======== DATA PROVIDED

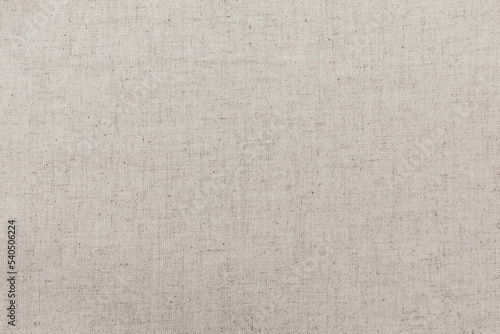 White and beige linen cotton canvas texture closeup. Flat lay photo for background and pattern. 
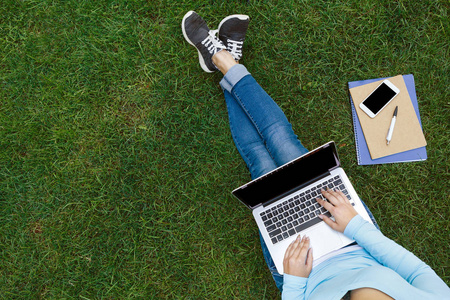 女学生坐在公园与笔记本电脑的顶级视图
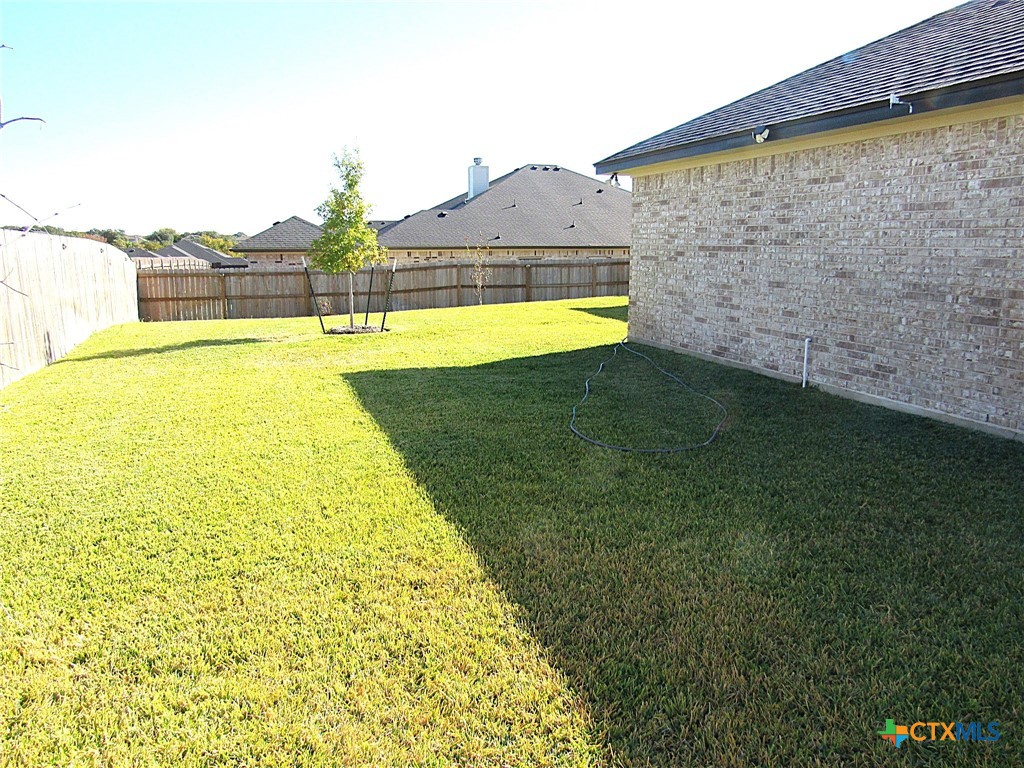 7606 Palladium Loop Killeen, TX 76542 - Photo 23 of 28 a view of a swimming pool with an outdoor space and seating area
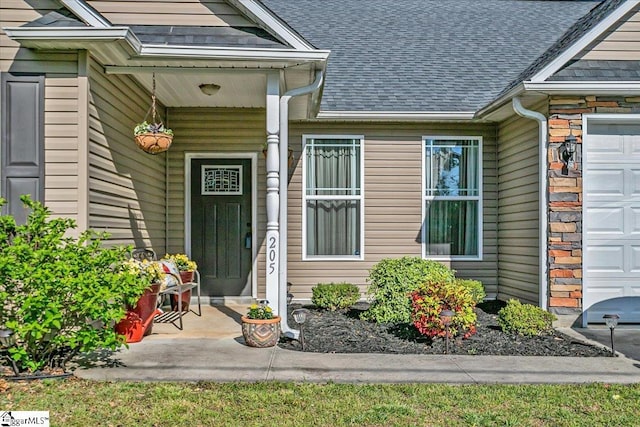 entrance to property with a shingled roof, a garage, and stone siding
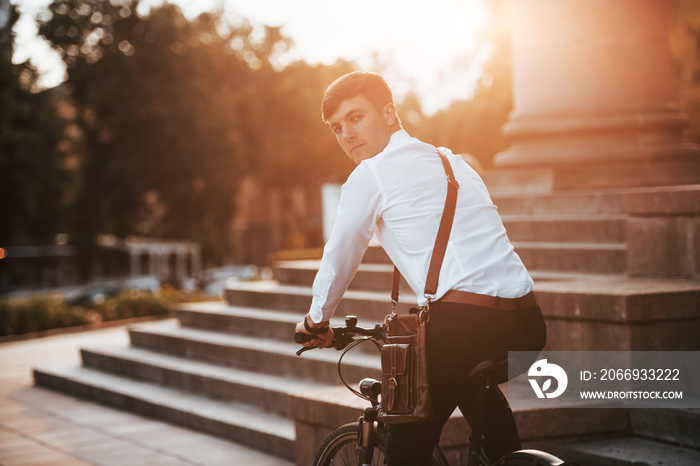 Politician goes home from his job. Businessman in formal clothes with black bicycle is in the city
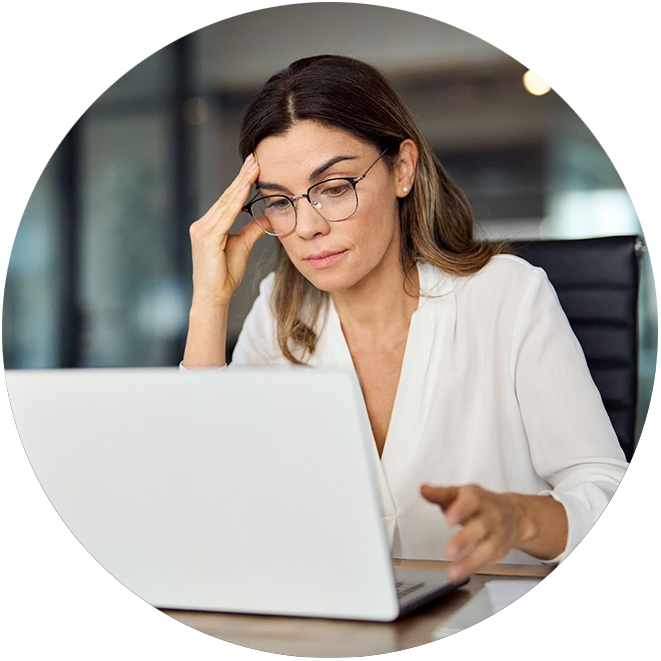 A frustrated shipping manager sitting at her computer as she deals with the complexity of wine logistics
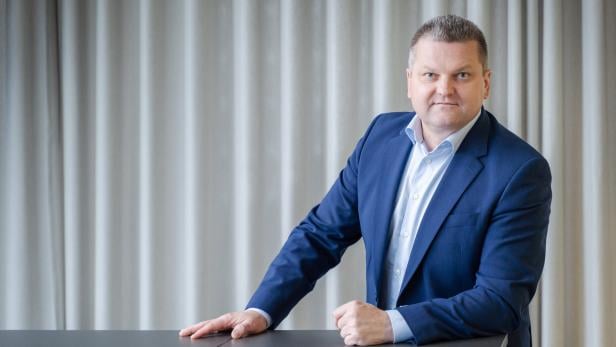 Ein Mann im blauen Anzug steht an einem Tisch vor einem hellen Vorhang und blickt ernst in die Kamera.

================

• [ABOUT THIS TASK]: Retyped exactly, the lines from the one holding "Politician goes home" through the last line of the data above are the whole answer. Pictures stay out.

• [RESPONSE TO THIS EXERCISE]:
 Politician goes home from his job. Businessman in formal clothes with black bicycle is in the city
 A frustrated shipping manager sitting at her computer as she deals with the complexity of wine logistics
 Ein Mann im blauen Anzug steht an einem Tisch vor einem hellen Vorhang und blickt ernst in die Kamera.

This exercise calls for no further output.